Exercise:
Your answer must be the lines from the first one in the material through the line with "Short-sleeved t-shirt Korean", retyped exactly and with no pictures.
☆ ☆ ☆ ☆
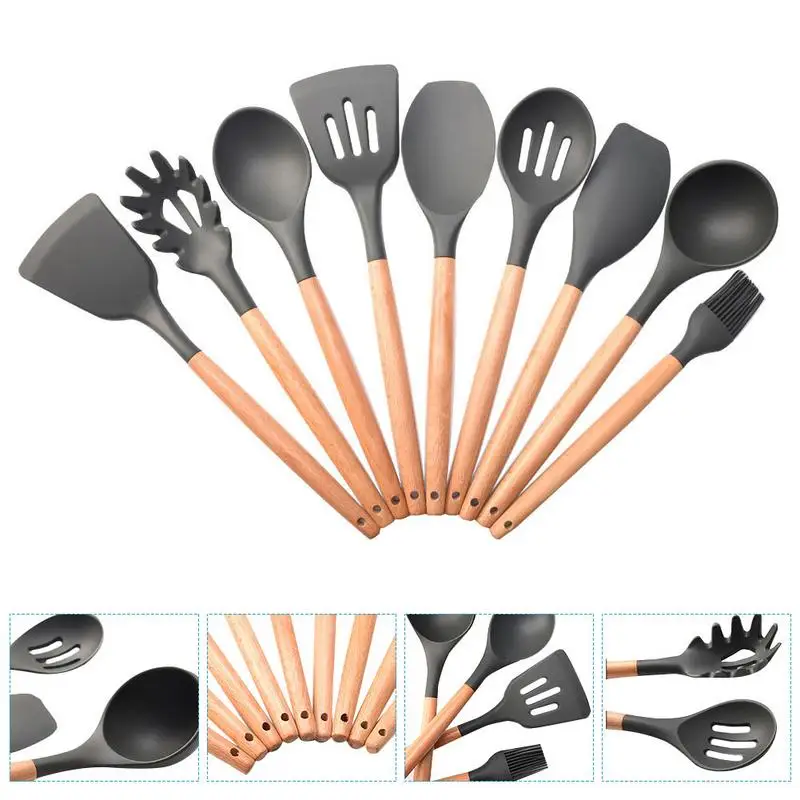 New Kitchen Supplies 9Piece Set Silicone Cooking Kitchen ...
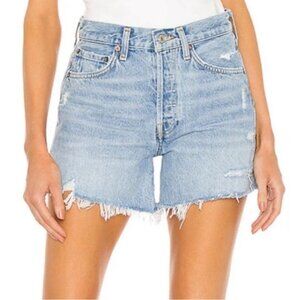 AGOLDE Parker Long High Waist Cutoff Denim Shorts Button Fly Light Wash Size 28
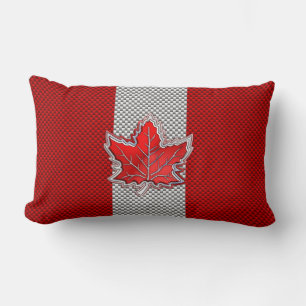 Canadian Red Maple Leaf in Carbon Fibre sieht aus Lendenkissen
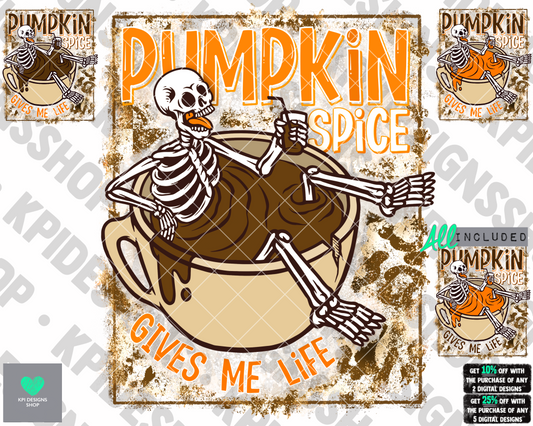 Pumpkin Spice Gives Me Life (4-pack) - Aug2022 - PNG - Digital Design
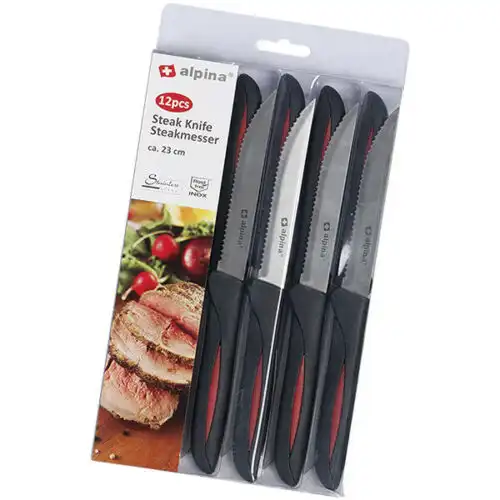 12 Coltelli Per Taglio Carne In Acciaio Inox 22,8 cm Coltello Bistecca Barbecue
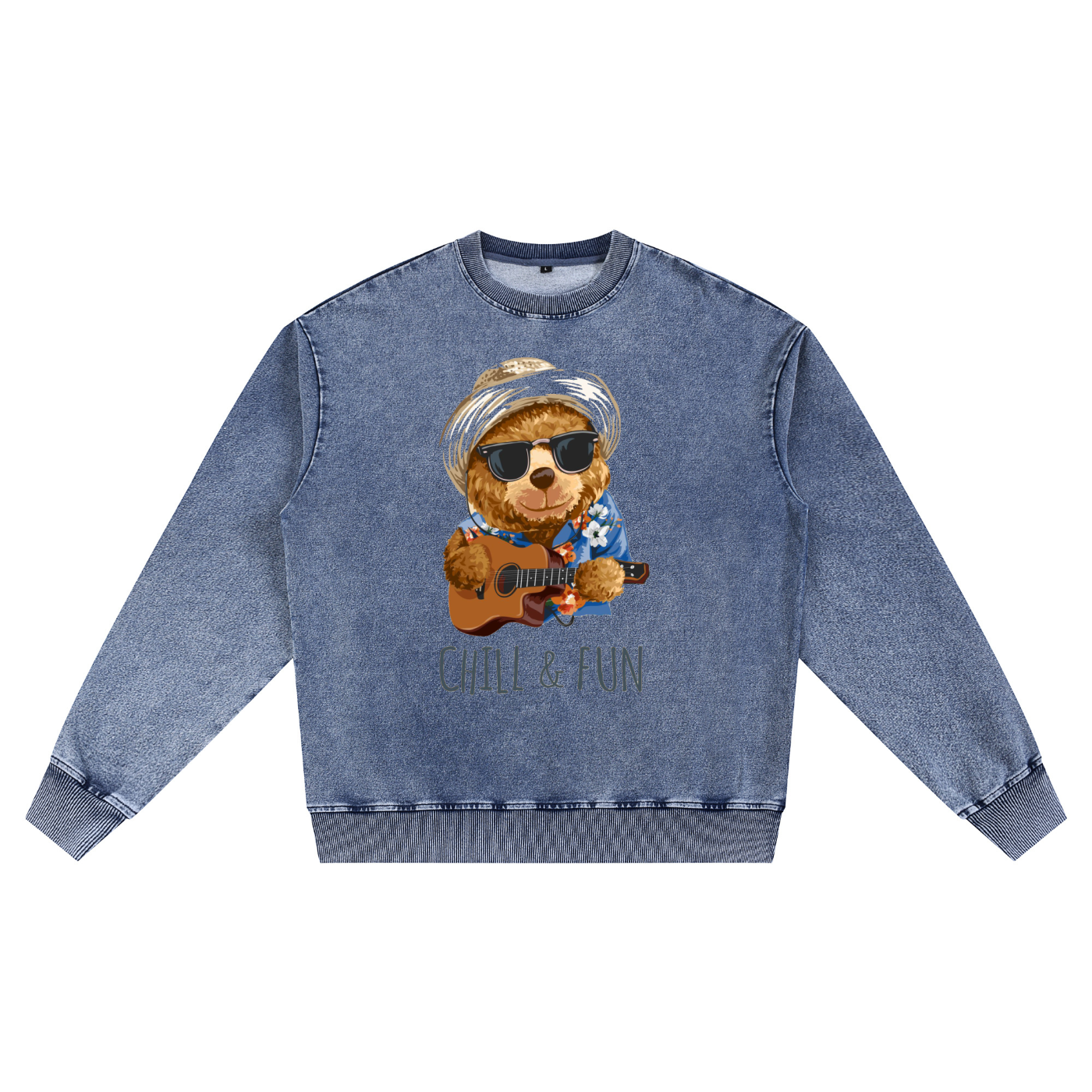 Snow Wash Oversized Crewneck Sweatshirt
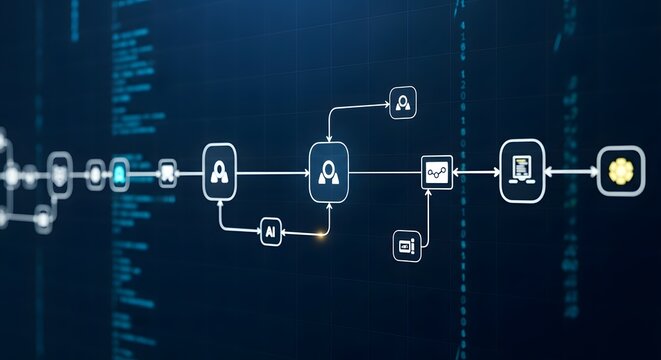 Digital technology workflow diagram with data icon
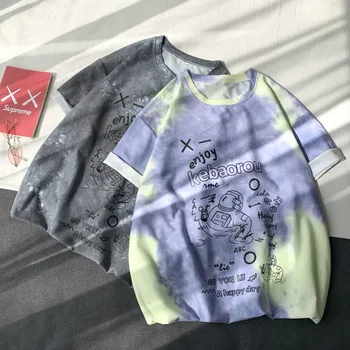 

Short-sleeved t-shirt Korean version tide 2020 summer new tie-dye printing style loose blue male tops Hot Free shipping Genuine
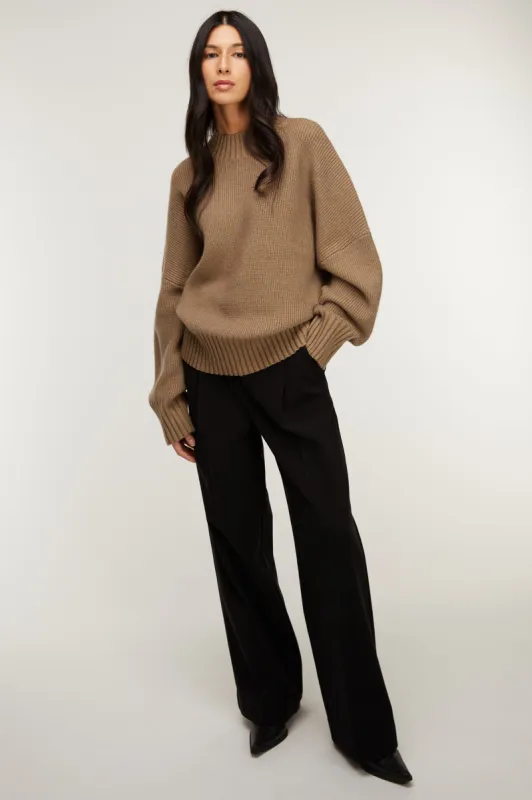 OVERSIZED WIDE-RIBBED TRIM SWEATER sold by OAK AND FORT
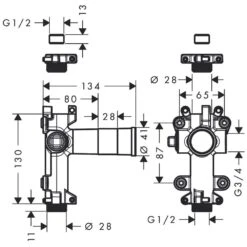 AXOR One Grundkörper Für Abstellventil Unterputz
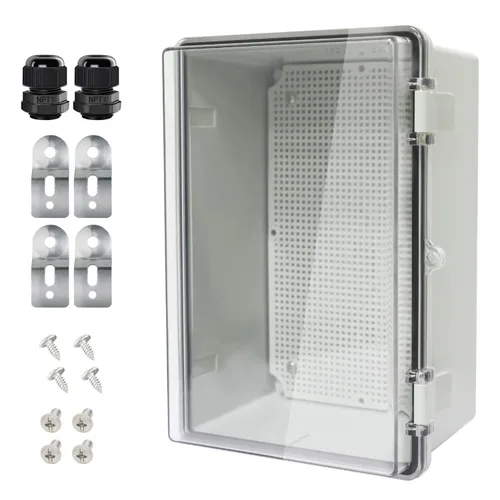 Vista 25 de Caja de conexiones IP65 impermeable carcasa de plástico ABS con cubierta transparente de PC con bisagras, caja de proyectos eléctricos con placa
☆ ☆ ☆ ☆
Exercise response:
 New Kitchen Supplies 9Piece Set Silicone Cooking Kitchen ...
 AGOLDE Parker Long High Waist Cutoff Denim Shorts Button Fly Light Wash Size 28
 Canadian Red Maple Leaf in Carbon Fibre sieht aus Lendenkissen
 Pumpkin Spice Gives Me Life (4-pack) - Aug2022 - PNG - Digital Design
 12 Coltelli Per Taglio Carne In Acciaio Inox 22,8 cm Coltello Bistecca Barbecue
 Snow Wash Oversized Crewneck Sweatshirt
 Digital technology workflow diagram with data icon

Short-sleeved t-shirt Korean version tide 2020 summer new tie-dye printing style loose blue male tops Hot Free shipping Genuine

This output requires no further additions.